Marissa Copeland, 17, has had a close-knit group of friends who share a special bond: They have been in Girl Scouts together since the sixth grade. “We’ve stayed together and become really good friends. We all worked on our Silver Awards together.”
The silver honor is the second highest level of achievement a Girl Scout can reach. But Copeland isn’t stopping there. Her support group has cheered her toward going for the Gold Award, a distinction held by only 6% of scouts in the ninth to 12th grades. One of the crucial elements of the designation is the creation and implementation of a community-based program.
Copeland, a Smyrna resident who will be a senior in Campbell High’s International Baccalaureate program this fall, designed a program that addresses student anxiety.
“It has to be a service project that addresses an issue in your community and in the country,” she said. “It usually takes one to two years and requires a minimum of 80 hours. I’ve already gone well over that.”
Copeland drew on personal experience and extensive research to design and teach coping strategies in her “Be Aware…Be There” program.

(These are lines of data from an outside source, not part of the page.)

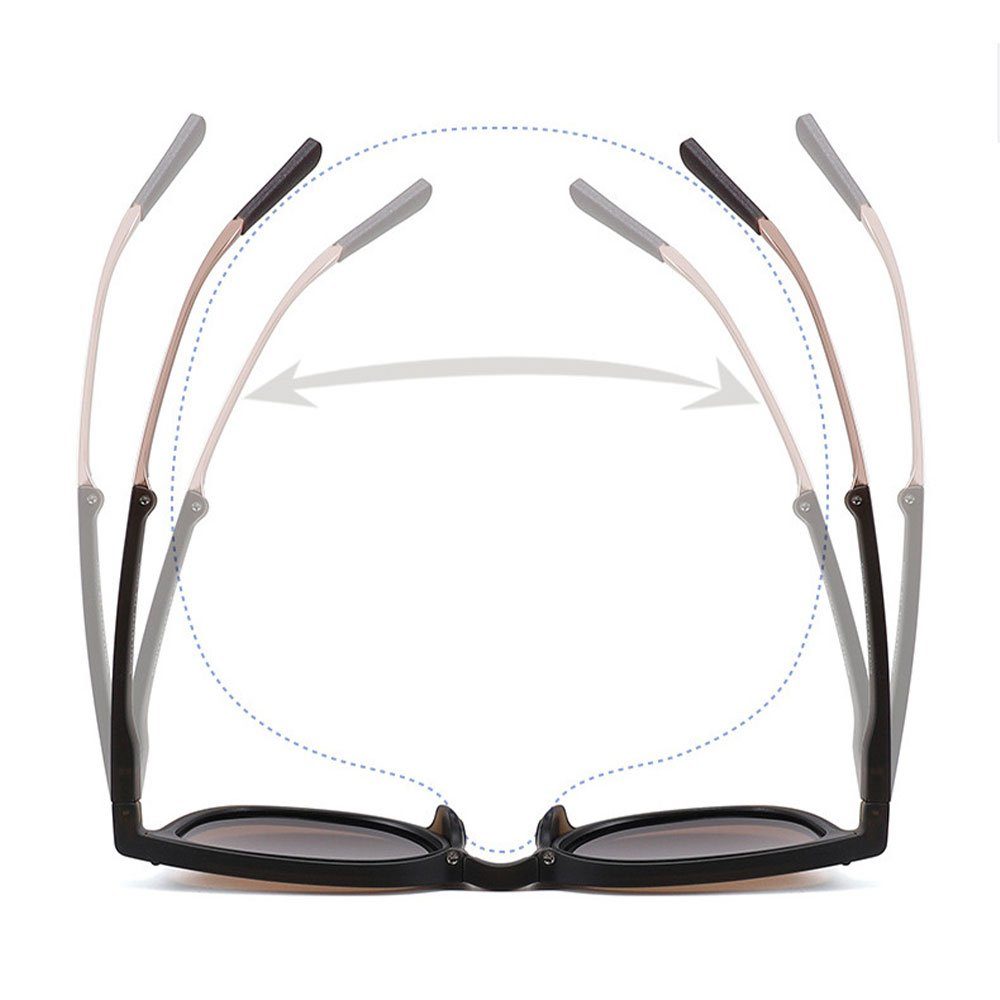 zusammenklappbar und UV-Schutz für Männer Retro Frauen AUzzO~ Polarisiert Vintage mit Brillenetui Sonnenbrille Outdoor Schwarz Modelle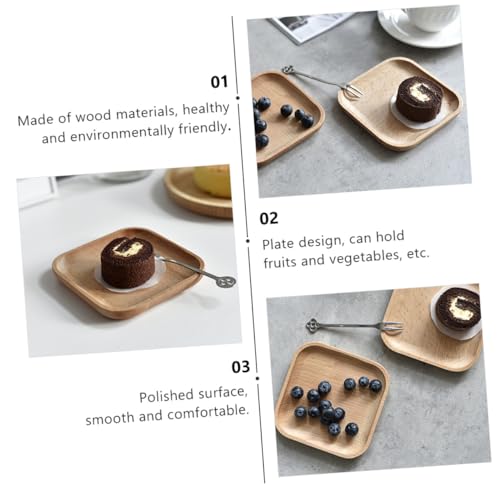Ciieeo Wooden Serving Plate Mini Appetizer Tray Small Square Dessert Plate for Party Snack Display and Food Photography Prop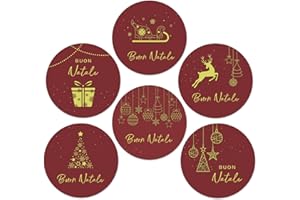 BETESSIN 120pz 4cm Etichette Adesive Natale Rotondi Adesivi Natalizi Chiudipacco Regalo Adesivi Rossi Oro Scrapbooking Buon Natale Renne Pacchetti Sacchetti Fai da Te Stickers Festa Natale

“I’ve had anxiety my entire life, and it was heightened in middle and high school,” Copeland said. “Now I’m older and realize I can teach schoolers who get the same anxieties I had how to cope and let them know they’re not alone. So many people are struggling. I’ve even found many of my friends do, too.”
Copeland’s program debuted last fall at the Lindley Sixth Grade Academy in Mableton. She made videos and designed a lesson plan for the school’s counselors to implement.

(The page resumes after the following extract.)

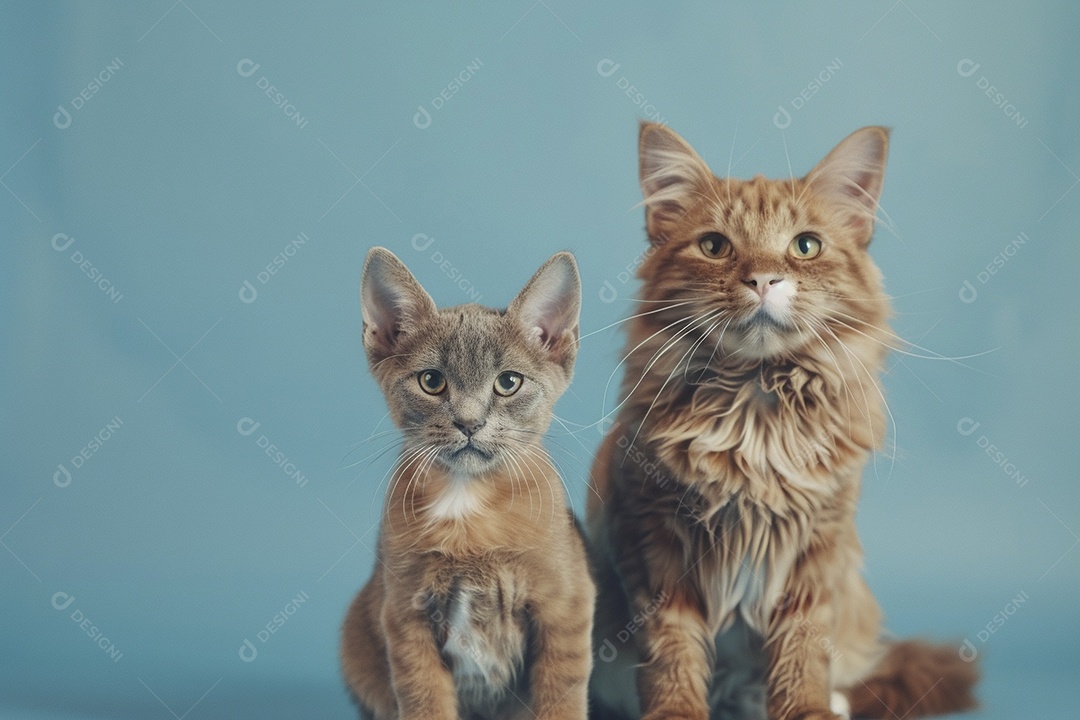 Cão e gato sentado para foto, isolado, fundo amarelo, animais de estimação, companheiros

“I knew I couldn’t facilitate it myself, but the counselors did,” she said. “I also knew that Lindley is a Title I school and wouldn’t have as many resources for mental health support, so that’s why I implemented a group there.”
This spring, Copeland presented a workshop on teen anxiety at the Smyrna public library and to eighth graders at Smyrna’s St. Benedict’s Episcopal school. She also shared information with fellow students in the IB program.
“IB is rigorous and anxiety inducing,” she said. “I wanted to educate the freshmen and sophomores on how to cope with what they might be experiencing.”
The feedback she’s received has been positive.
“People have said they didn’t know how to cope, and because of my workshop, they could figure out how to deal with what they were feeling,” she said.
Copeland also created a website to keep the program going after she earns the Gold Award and takes her next educational step.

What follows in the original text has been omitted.